Boeing delivered 35 737s in January and 25 in February, according to its figures. West says 737 deliveries will likely tick up again in March. To hit its 400-450 goal, the company will need to deliver an average of 34-39 737s monthly between March and December.

West says Boeing’s 737 production system continues recovering from broad, industrywide parts shortages that have frustrated its ability to hike production of the narrowbody jets. Airbus has struggled with similar challenges.

“We are getting better in certain areas,” says West, adding that production system health differs “supplier by supplier”.

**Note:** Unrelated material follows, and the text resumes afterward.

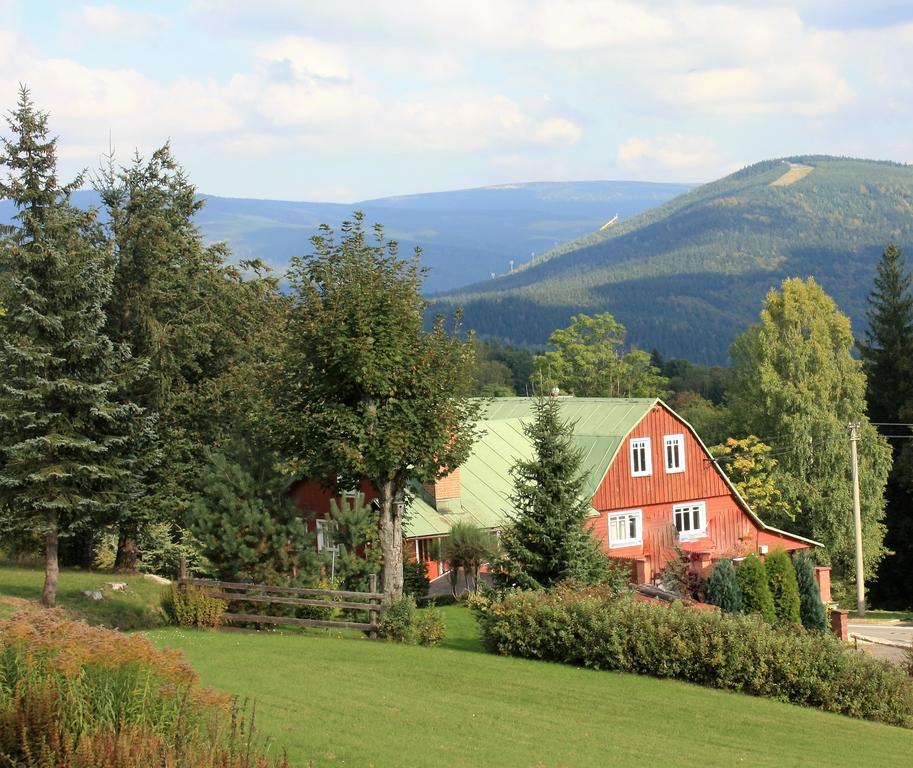 Rodinny Hotel Kaiser Desná Buitenkant foto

“We’ve got to continue to work with our supply base to get stable and predictable,” West says.

Boeing in November 2022 laid out 2023 production goals that included 400-450 737s and 70-80 787s. The company did not disclose targets for other types.

In February, Boeing confirmed it had temporarily stopped delivering 787s due to an “analysis error” involving forward-pressure bulkheads, later revealed to be supplied by Spirit AeroSystems.

Boeing resumed 787 deliveries on 15 March.

“That issue was identified, it was escalated quickly, it was reviewed with our regulator [and] ultimately resolved,” West says on 22 March. “It is behind us, and we are moving forward.”

Boeing delivered only one 787 (which had been certificated prior to the halt) during the roughly seven weeks between 26 January and 15 March, according to Cirium data.

It delivered just four of the jets in January and February. That means Boeing will need to deliver an average of about 6.5 787s monthly through year-end to meet its 70-80 target.

“Despite that pause, we still see a path to recover… and still to get to 70-80 [787] deliveries this year, and get to a five-per-month production rate as we exit the year,” West says on 22 March.

Boeing also this year has been addressing what it calls a “quality issue” involving an unspecified number of new-build and in-service 767s, including 767-based KC-46 military refuelling jets.

“There is a supplier quality issue and it’s on the centre fuel tank,” West says. “We have the fix. We know how to fix this. Now, we have to go implement this fix both on production airplanes and some airplanes that are in the fleet.”

Boeing has not been more specific, but French firm Daher reportedly supplies the centre fuel tanks.

“Deliveries will recover in the second quarter,” West says of the 767. “There’s major parts of the production system and supply chain that are performing pretty well. But it’s not all performing well.”